### RECORDS FOR THIS EXERCISE
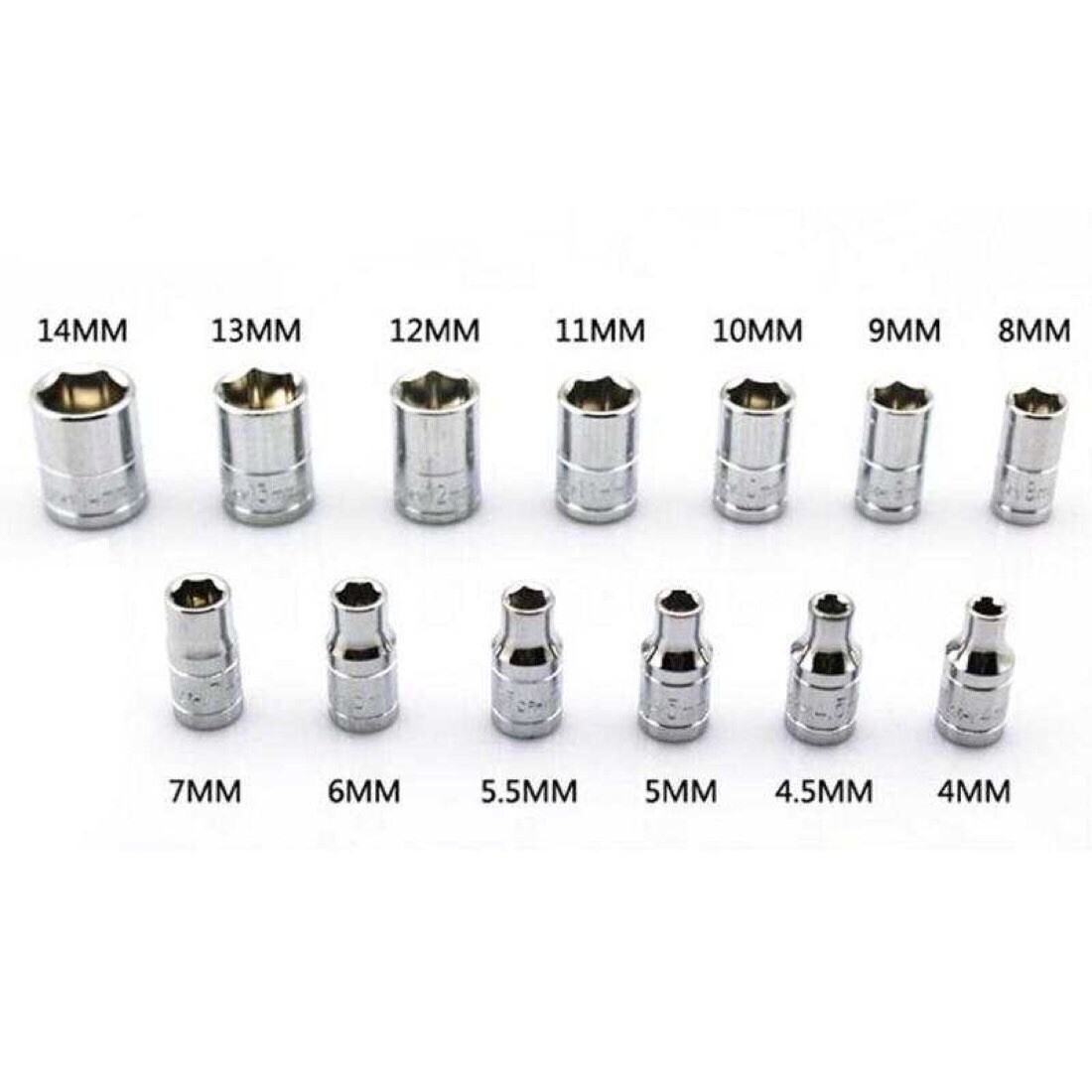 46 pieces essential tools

* * *

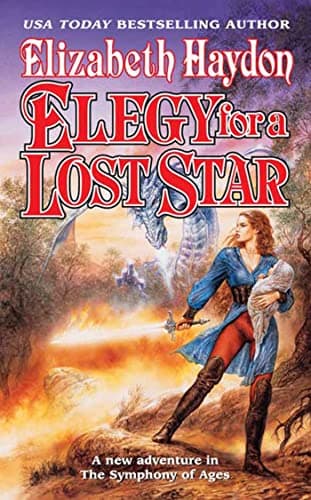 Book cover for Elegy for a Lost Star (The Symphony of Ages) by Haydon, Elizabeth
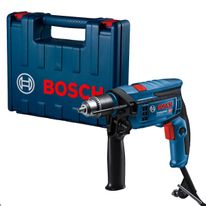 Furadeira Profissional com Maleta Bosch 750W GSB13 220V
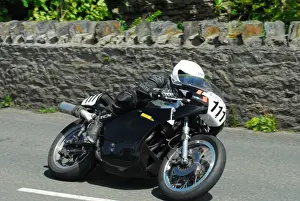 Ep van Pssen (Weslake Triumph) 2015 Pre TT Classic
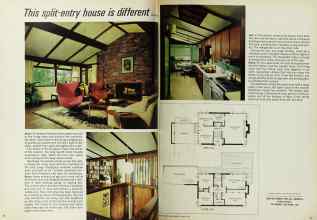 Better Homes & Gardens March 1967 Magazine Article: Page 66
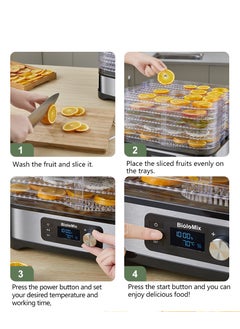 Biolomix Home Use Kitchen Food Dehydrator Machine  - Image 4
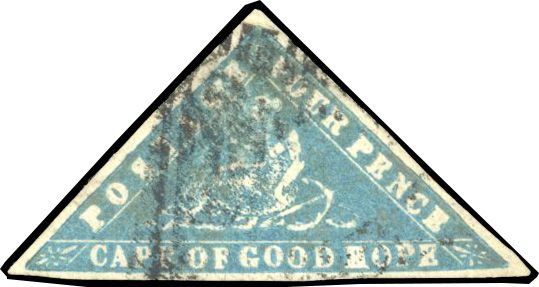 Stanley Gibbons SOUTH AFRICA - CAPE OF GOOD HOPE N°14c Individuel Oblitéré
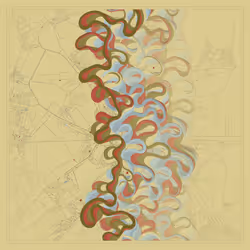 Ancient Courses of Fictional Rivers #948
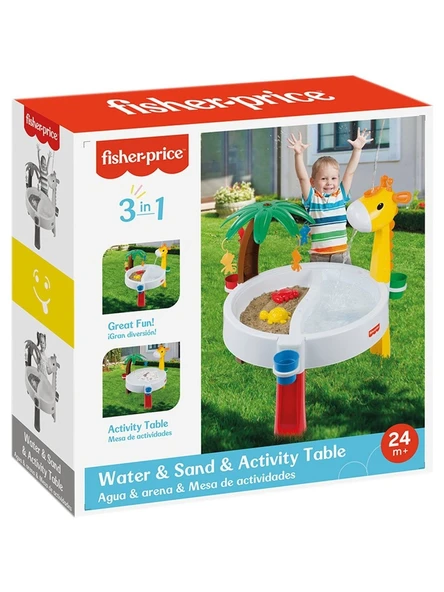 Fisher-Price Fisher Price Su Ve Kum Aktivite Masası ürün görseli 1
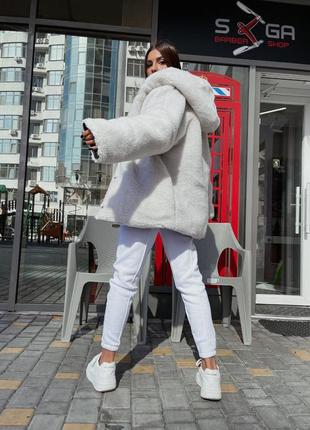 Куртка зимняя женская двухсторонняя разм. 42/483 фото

### GOAL OF THE EXERCISE
Output only the lines above from the one containing "Better Homes &" to the one containing "Куртка зимняя женская", both included, exactly as written and with no pictures.

### OUTPUT
 Better Homes & Gardens March 1967 Magazine Article: Page 66
 Biolomix Home Use Kitchen Food Dehydrator Machine  - Image 4
 Stanley Gibbons SOUTH AFRICA - CAPE OF GOOD HOPE N°14c Individuel Oblitéré
 Ancient Courses of Fictional Rivers #948
 Fisher-Price Fisher Price Su Ve Kum Aktivite Masası ürün görseli 1
 Куртка зимняя женская двухсторонняя разм. 42/483 фото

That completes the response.